But while there were times when I rejoiced in the idea that my sufferings were to be endless, I could not bear them to be without meaning. Now I find hidden away in my nature something that tells me that nothing in the whole world is meaningless, and suffering least of all. That something hidden away in my nature, like a treasure in a field, is Humility.
It is the last thing left in me, and the best: the ultimate discovery at which I have arrived: the starting point for a fresh development. It has come to me right out of myself, so I know that it has come at the proper time. It could not have come before, nor later. Had anyone told me of it, I would have rejected it. Had it been brought to me, I would have refused it. As I found it, I want to keep it. I must do so. It is the one thing that has in it the elements of life, of a new life, a Vita Nuova for me. Of all things it is the strangest. One cannot acquire it, except by surrendering everything that one has. It is only when one has lost all things, that one knows that one possesses it.

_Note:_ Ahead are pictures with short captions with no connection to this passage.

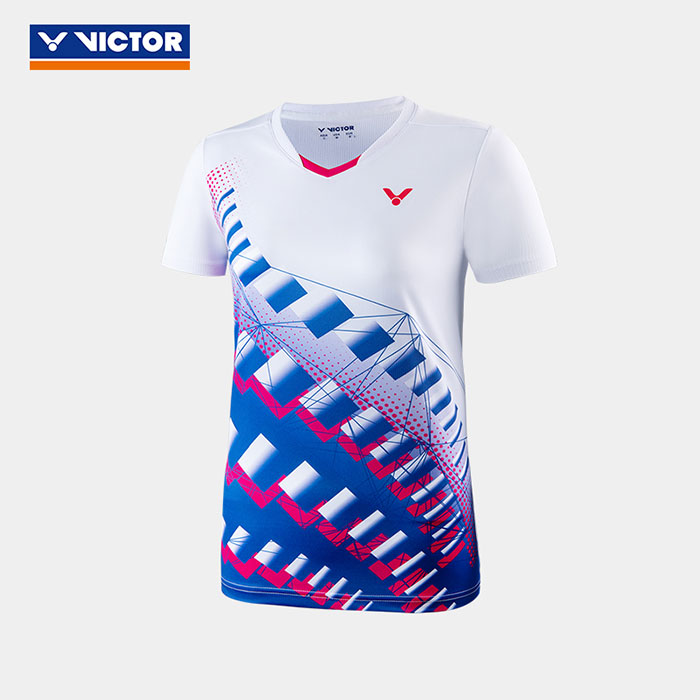 VICTOR Badminton T-shirt 2022 Women Knitting printing Badminton T-shirt VICTOR T-21008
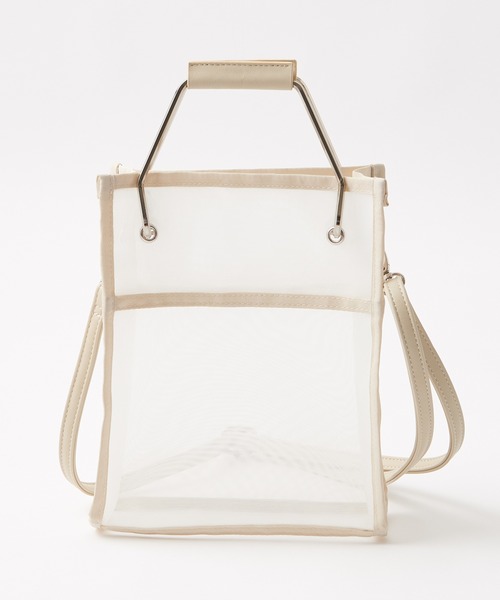 one after another NICE CLAUP（ワンアフターアナザーナイスクラップ）の「２点セットメッシュシアーバッグ（ショルダーバッグ・レディース・アイボリー/ベージュ/ミント・FREE）」の9枚目の写真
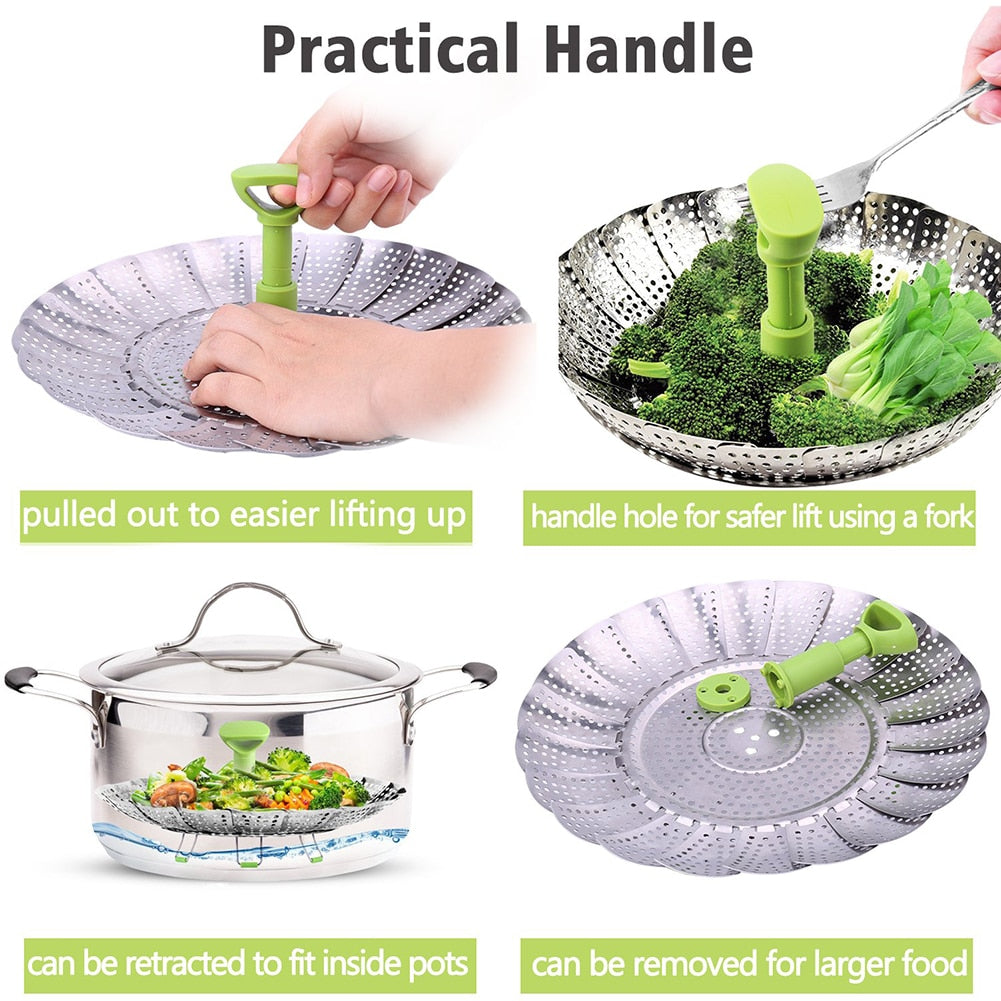 Stainless Steel Steaming Basket - essentialslifeshop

Now that I realise that it is in me, I see quite clearly what I have got to do, what, in fact, I must do. And when I use such a phase as that, I need not tell you that I am not alluding to any external sanction or command. I admit none. I am far more individualistic than I ever was. Nothing seems to me of the smallest value except what one gets out of oneself. My nature is seeking a fesh mode of self-realisation. That is all I am concerned with. And the first thing that I have got to do is to free myself from any possible bitterness of feeling towards you...........
still as long as i remained free from all resentment, hardness and scorn, I would be able to face life with much more calm and confidence than I would were my body in purple and fine line, and the soul within it sick with hate. And I should really have no difficulty in forgiving you. When you really want it you will find it waiting for you.